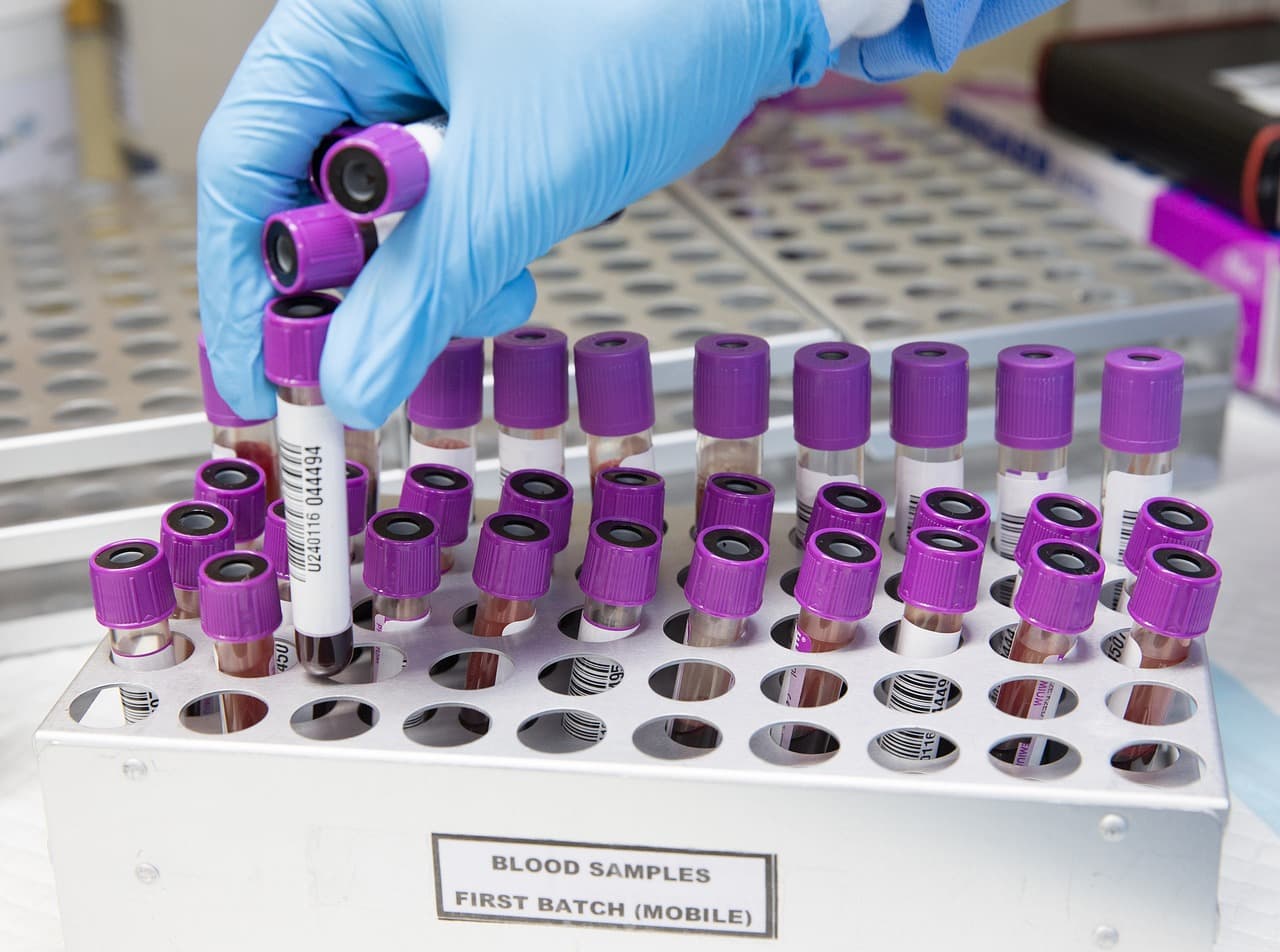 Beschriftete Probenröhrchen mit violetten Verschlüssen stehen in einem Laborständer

--

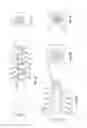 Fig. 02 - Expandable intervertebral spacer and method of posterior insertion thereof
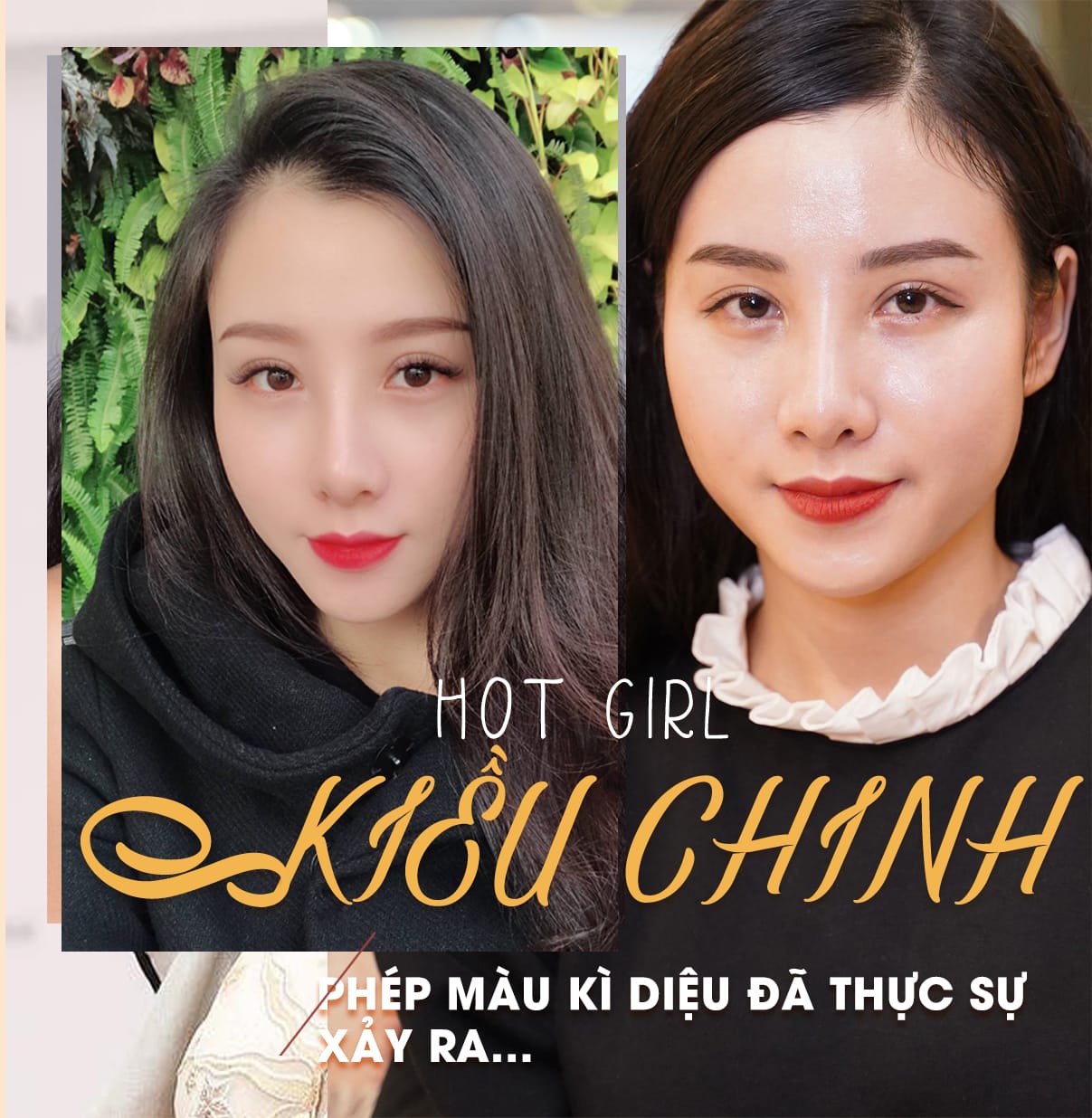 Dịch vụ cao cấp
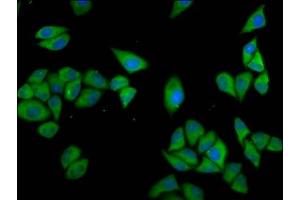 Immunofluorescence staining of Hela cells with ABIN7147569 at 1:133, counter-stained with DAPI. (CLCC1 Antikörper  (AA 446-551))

* * *

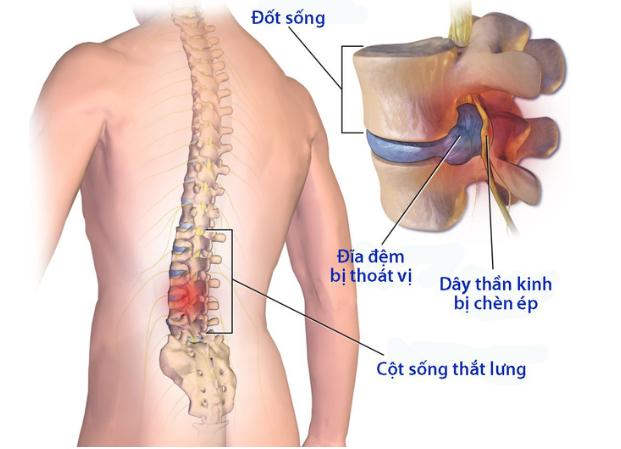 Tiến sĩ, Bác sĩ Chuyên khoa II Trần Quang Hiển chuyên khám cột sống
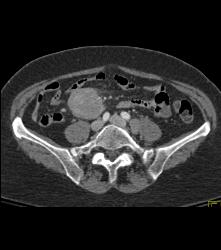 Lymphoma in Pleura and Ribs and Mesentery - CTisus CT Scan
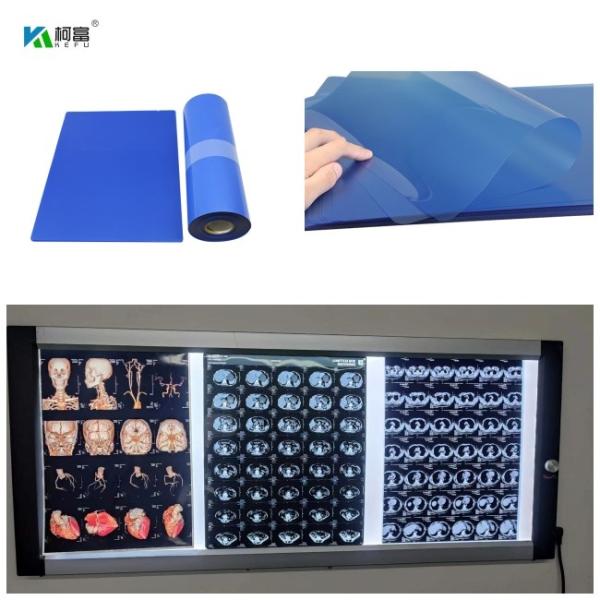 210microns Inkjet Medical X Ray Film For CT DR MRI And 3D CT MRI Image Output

## PROBLEM REQUIREMENTS
Give back exactly the lines above from the one with "Lymphoma in Pleura" through the one with "210microns Inkjet Medical", both included. Pictures don't belong in the copy.

## WRITTEN ANSWER
 Lymphoma in Pleura and Ribs and Mesentery - CTisus CT Scan
 210microns Inkjet Medical X Ray Film For CT DR MRI And 3D CT MRI Image Output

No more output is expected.